2. Could anything in our create call (`auto_destroy: true`, `restart.policy: "no"`, performance-4x / 32 GB guest) delay placement?
3. Is there a supported way to detect that a `created → started` transition is stalling (an event/state we can poll), so we can destroy + recreate instead of waiting? Today we poll `GET /machines/{id}` `state`, but a Machine stuck in `created` looks "in progress," so we can't tell "still pulling image" from "stuck."
4. Was there any known placement/capacity event in `iad` around **2026-06-22 14:58–17:19 UTC**?

Thanks in advance — happy to provide more detail.

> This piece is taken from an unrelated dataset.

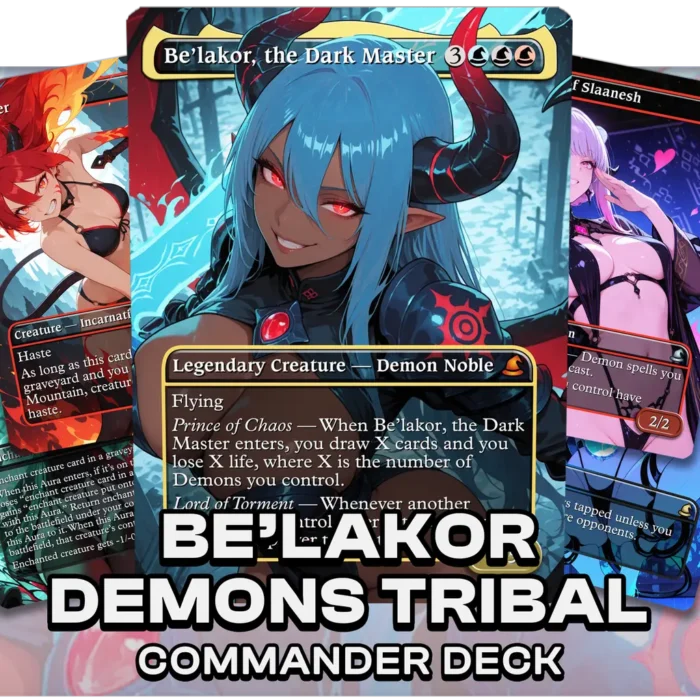 Be'lakor Demons Tribal Commander proxy deck with dark fantasy waifu artwork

Hi! The machine gets created but isn’t ready to boot until its rootfs is prepared, which requires pulling the image from registry and unpacking it on disk. If these operations are slow, then that can explain the 2h delay. 2h is totally abnormal and excessive though. We’re looking at this and a couple other reports of machine creation slowness in iad today so we can fix this, but one thing you can do is use a different region. or add a bit of logic to more quickly time out and fall back to creating another machine instead.

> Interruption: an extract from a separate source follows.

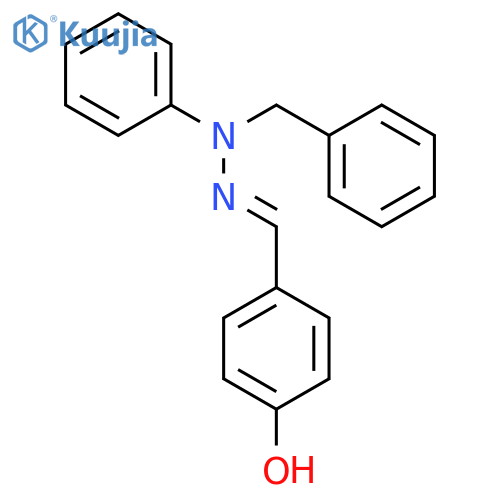 Benzaldehyde, 4-hydroxy-, phenyl(phenylmethyl)hydrazone structure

Nothing in the create call would have caused this delay - it was 100% slow machine preparation.

There’s no real way to detect a stall here - you can call the wait api endpoint with a time you’re willing to wait (https://fly.io/docs/machines/api/machines-resource/#wait-for-a-machine-to-reach-a-specified-state). If it times out, fly machine destroy --force it and create a new one. If your machine creates are time-sensitive, you can combine a bit of logic that does this with perhaps a pool of pre-created machines so the impact of slow creates happens outside your critical path.

Let me know if this helps!

Thanks for confirming — good to know it’s a broader IAD issue you’re already tracking, and that nothing in our create call was at fault.

On our side we’ll add a timeout + fallback: use the Machines wait?state=started endpoint with a bounded timeout, and if it’s exceeded, destroy --force and recreate (our sibling machines booted in seconds, so a recreate should recover quickly). We’ll keep a region switch as a secondary fallback for time-sensitive jobs.

If it helps correlate the IAD investigation, here are the relevant machines in zeroclaw-executor-prod from that window (all iad, same image/guest):

  • Stuck: 85e209f4471518 — created 2026-06-22 14:58:49 UTC, first boot 17:19:31 UTC (~2h20m).
  • Healthy siblings created around the same time booted in ~14s–2m.

Happy to share more machine IDs / timestamps if useful. Would appreciate a note here once the IAD fix lands. Thanks again for the quick response!